Cyprus has taken another step toward strengthening its position as an international financial and business hub. The island nation recently signed an agreement with the Government of the Hong Kong Special Administrative Region of the People’s Republic of China aimed at eliminating double taxation of income, as well as combating tax evasion and aggressive tax planning.
The new agreement creates additional opportunities for economic cooperation between Cyprus and one of Asia’s leading financial centers, providing a more predictable and transparent environment for international business.
On behalf of the Republic of Cyprus, the agreement was signed by Cyprus’s Ambassador to the People’s Republic of China, Koula Sophianou. The ceremony was also attended by Cyprus’s Honorary Consul in Hong Kong, Harindarpal Singh Banga. On behalf of the Hong Kong Special Administrative Region, the agreement was signed by the Secretary for Financial Services and the Treasury, Christopher Hui.

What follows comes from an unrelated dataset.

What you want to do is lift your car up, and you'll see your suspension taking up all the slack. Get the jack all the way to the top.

Cyprus Expands Its International Tax Treaty Network
The Ministry of Finance of Cyprus emphasized that the agreement establishes a modern and reliable framework for tax cooperation between the two jurisdictions.

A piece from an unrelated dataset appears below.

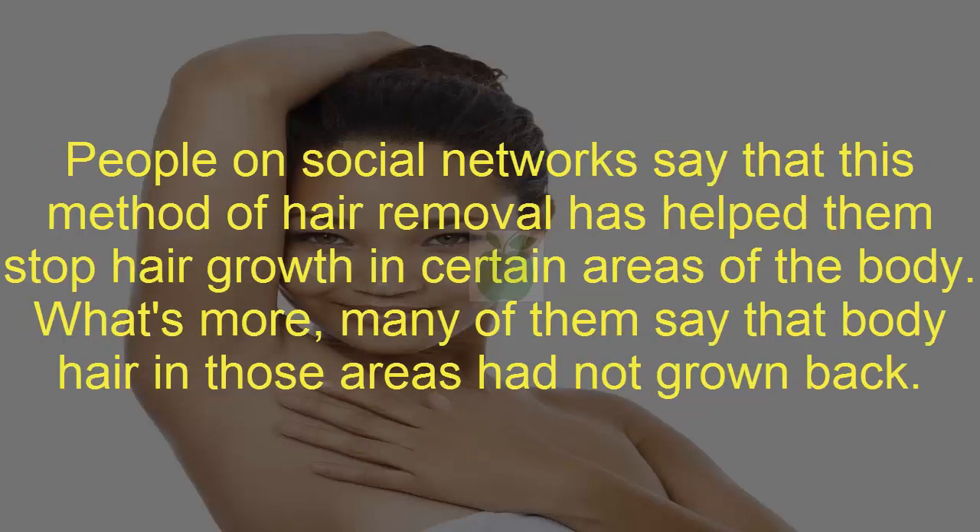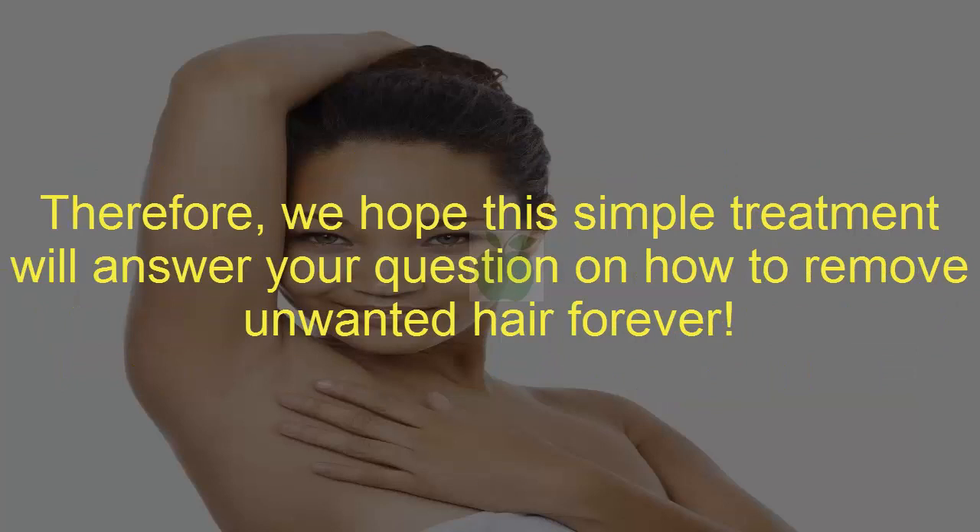People on social networks say that this method of hair removal has helped them stop hair growth in certain areas of the body. What's more, many of them say that body hair in those areas had not grown back. Therefore, we hope this simple treatment will answer your question on how to remove unwanted hair forever.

The treaty is expected to promote greater business activity, increased investment flows, and expanded trade between Cyprus and Hong Kong. At the same time, it aims to reduce the overall tax burden for investors and companies without creating opportunities for tax avoidance.

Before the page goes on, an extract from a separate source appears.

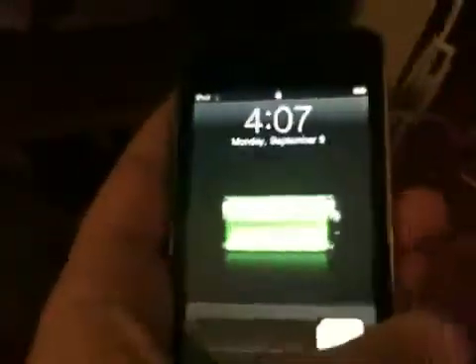If I slide to unlock... he still has all his apps currently, which is pretty cool. Aaron, you've got all your apps still. So this is now a jailbroken iPod Touch. Very simple. I am very happy and surprised. It looks like I did it.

For Cyprus, such agreements are of particular importance. The country already maintains one of the most extensive networks of double taxation treaties in Europe, making the island an attractive base for international companies, investment funds, and entrepreneurs operating across multiple markets.

Greater Transparency and Legal Certainty
One of the key advantages of the new agreement is the clear regulation of tax treatment for transactions between Cyprus and Hong Kong.
The treaty provides a transparent framework for the taxation of cross-border transactions and investments, allowing businesses to assess the tax implications of their activities in advance and reduce administrative risks.
The agreement also includes provisions for the exchange of tax information between the competent authorities of both parties.
Such mechanisms are fully aligned with international transparency standards and are designed to prevent unlawful tax avoidance. In addition, the treaty establishes procedures for resolving potential tax disputes between the two sides, an important safeguard for companies operating in multiple jurisdictions.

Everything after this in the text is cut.